Also grundsätzlich stellen wir ja keine Rambos ein. Jemand, der im ersten Auswahlverfahren schreit ‚ich möchte das Verbrechen ausrotten, gebt mir eine Kanone“, ist zu 90 Prozent draußen. Allerdings ist es so: Wenn man statusniedrige junge Männer sich selbst überlässt, dann gibt es eine hohe Wahrscheinlichkeit, dass die Sache in die Hose geht. Dann kann es sogar zu Übergriffen kommen wie der in Frankfurt am Main, wo zwei Polizisten einer Bereitschaftspolizeieinheit einem Ausländer eine Pistole in den Mund geschoben haben, um ihn zu einem Geständnis zu bringen. Ohne starke Führung bekommen Sie solche fehlgeleitete Idealisten, die ähnlich wie Dirty Harry in den Filmen die richtigen Sachen mit den falschen Mitteln durchsetzen wollen. Die Polizisten von der Frankfurter Bereitschaftspolizei sind ja auch so rumgelaufen wie Rambo und haben nur solche Filme gekuckt. Und das wurde nicht korrigiert. Allerdings habe ich im Laufe meiner Forschungen auch viele vorbildliche Einheiten kennen gelernt, wo es eine gute Kommunikation zwischen den Polizisten und den Vorgesetzten gab. Und wo mit Argusaugen darauf geachtet wurde, dass sich da keine Rituale und Symbole entwickeln, die nicht mehr zur offiziellen Polizeilinie passen.

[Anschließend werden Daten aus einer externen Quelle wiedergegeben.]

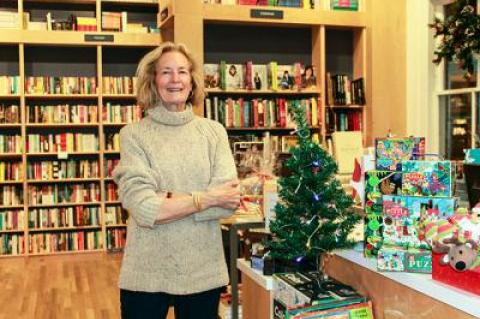 Carolyn Brody, who took over BookHampton in May, is looking forward to a busy few weeks in the store.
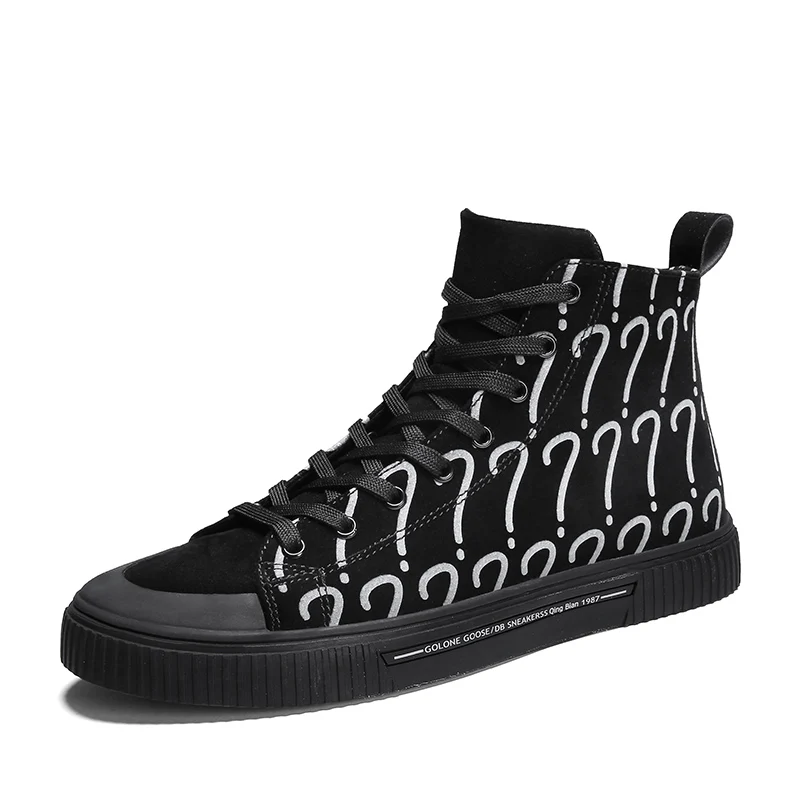 Мужская обувь на высоких каблуках; Sapatos Tenis Masculino мужской на зиму и осень со шнуровкой спереди; кожаные ботильоны; Мужская Повседневное; с высоким берцем; парусиновая Для мужчин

Aber die Polizei braucht doch ein paar Kettenhunde, die im Ernstfall durchgreifen können. 
Ja, die Polizei braucht auch aggressionsbereite Menschen. Doch wenn Sie die offiziellen polizeilichen Leitbilder anschauen, dann kommt das Wort ‚Gewalt’ da kaum oder nur gut abgepuffert drin vor. Die Polizeikultur verkauft Polizei als Dienstleistungsorganisation, während die Polizisten auf der Straße wissen, dass das zynisch ist. Die Street Cops sagen: Wir müssen hier die gesellschaftliche Drecksarbeit machen. 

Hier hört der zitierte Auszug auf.